> **RECORDED DATA**:
/---
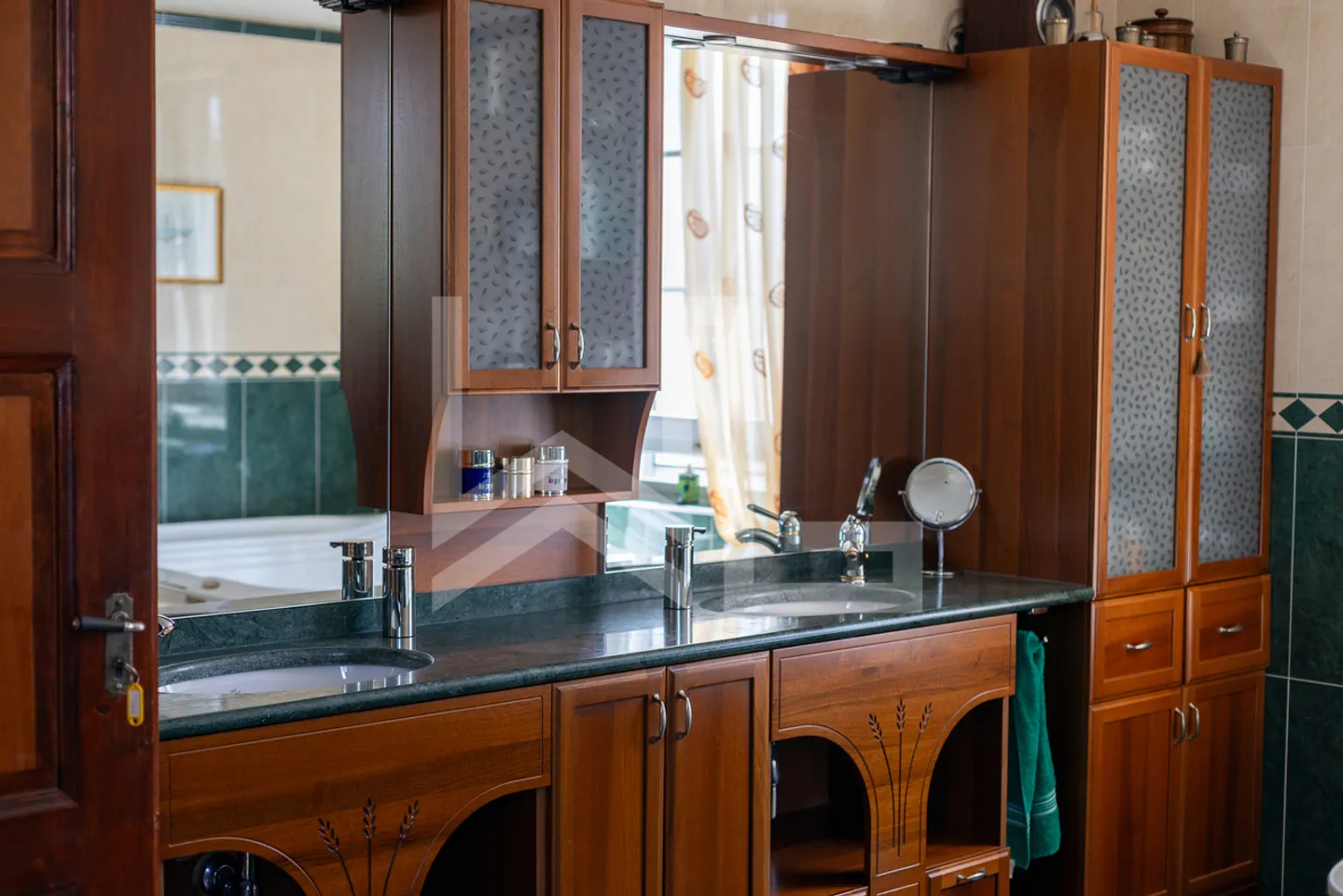 Superb character bastide on the heights of Nyon - Photo 9 of 13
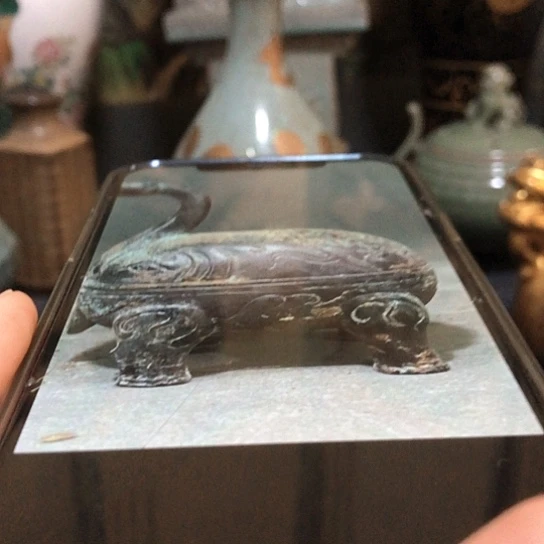 邓***庆陶瓷器一件品相完好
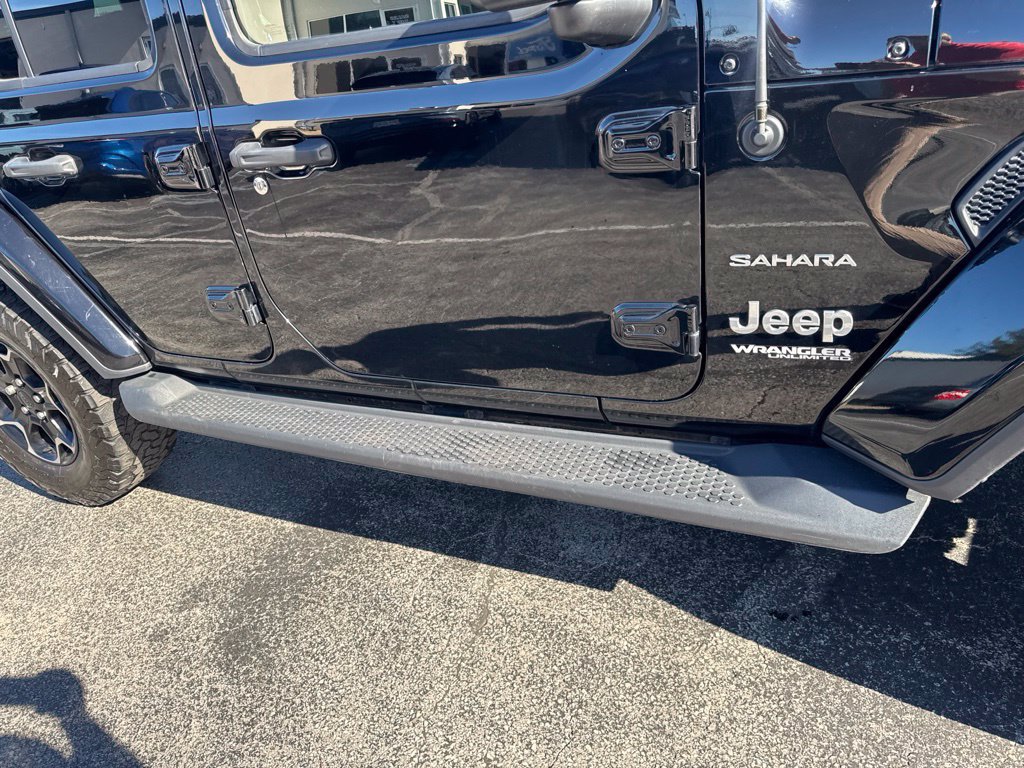 Used 2019 Jeep Wrangler Unlimited Sahara w/ Uconnect 4C Nav & Sound Group AWD/4WD image 39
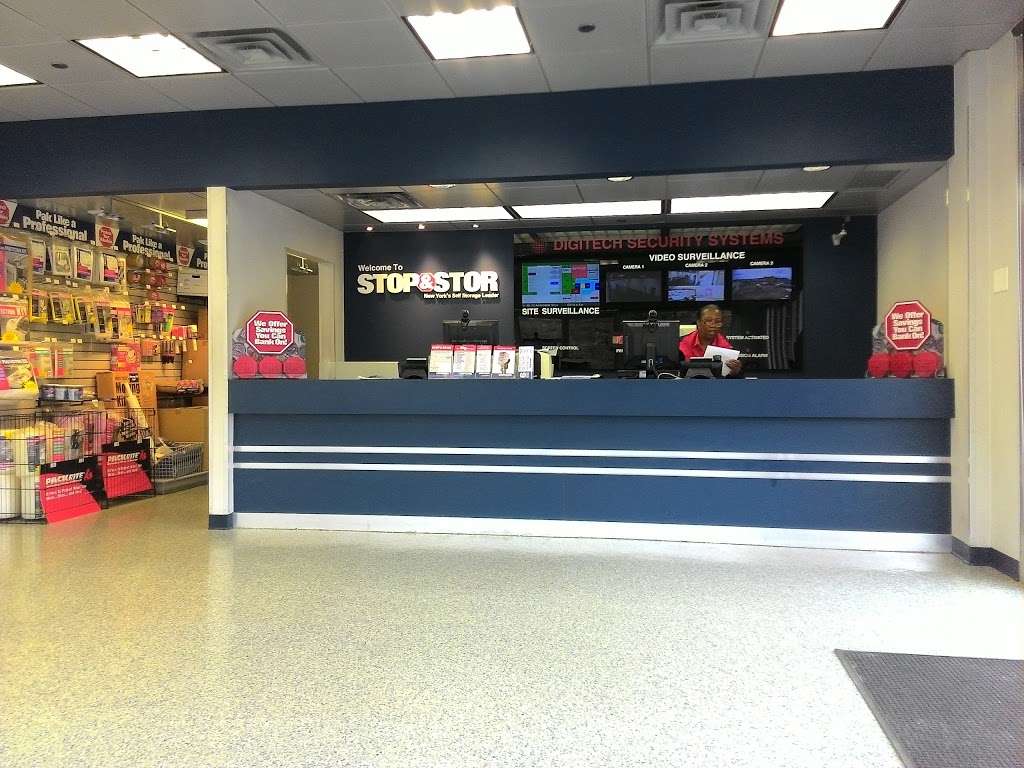 Stop and Stor Starrett City / East New York | 12501 Flatlands Ave, Brooklyn, NY 11208, USA | Phone: (718) 898-8000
\---
> **PROBLEM TO WORK ON**: Return nothing except the lines from the one containing "Used 2019 Jeep" through the final line of the data, copied exactly. Leave out all pictures.

> **EXERCISE SOLUTION**:
 Used 2019 Jeep Wrangler Unlimited Sahara w/ Uconnect 4C Nav & Sound Group AWD/4WD image 39
 Stop and Stor Starrett City / East New York | 12501 Flatlands Ave, Brooklyn, NY 11208, USA | Phone: (718) 898-8000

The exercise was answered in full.